Protecting yourself from risk is increasingly important in times of volatile commodity prices. “Contract producers often have huge sums of money invested in facilities, feed, labor and other input costs as part of their responsibilities under their production contracts,” writes Tom Miller, Iowa attorney general. “But contract producers can be blind-sided by a contractor's poor balance sheet -- and can be forced to absorb the costs themselves for all their inputs.”

“If you’re a contract grower, I urge you to file liens within 45 days of receiving each group of hogs,” says Eldon McAfee, attorney, Beving, Swanson and Forrest, Des Moines. According to McAfee, a Uniform Commercial Code Form 1 (UCC1)  should be filed to protect your interests in case the owner of the hogs is unable to pay you for your services.

The UCC1 document, which is actually a notice and not an agreement, is typically filed with the office of the Secretary of State in the state where the owner of the hogs is located.

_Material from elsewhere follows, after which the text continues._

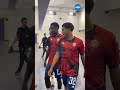 حوار بين أمرابط وفيريرا.. دخول لاعبي الوداد لإجراء الإحماءات 🗣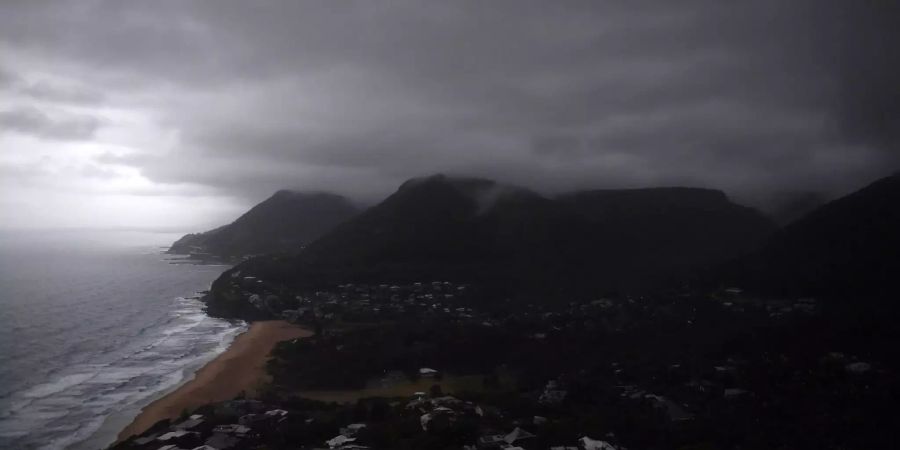 Dunkle Wolken ziehen über Sydney.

McAfee says filing a lien does not imply that you do not trust the owner of the hogs but rather it is merely a routine business procedure.

McAfee also urges contract growers to terminate the UCC-1 once they have been paid for their services for each group of pigs.  Finally, McAfee suggests that the owner file a UCC-1 “protective filing” to give notice to potential creditors of the contract grower that the pigs in the buildings belong to the owner, not the contract grower.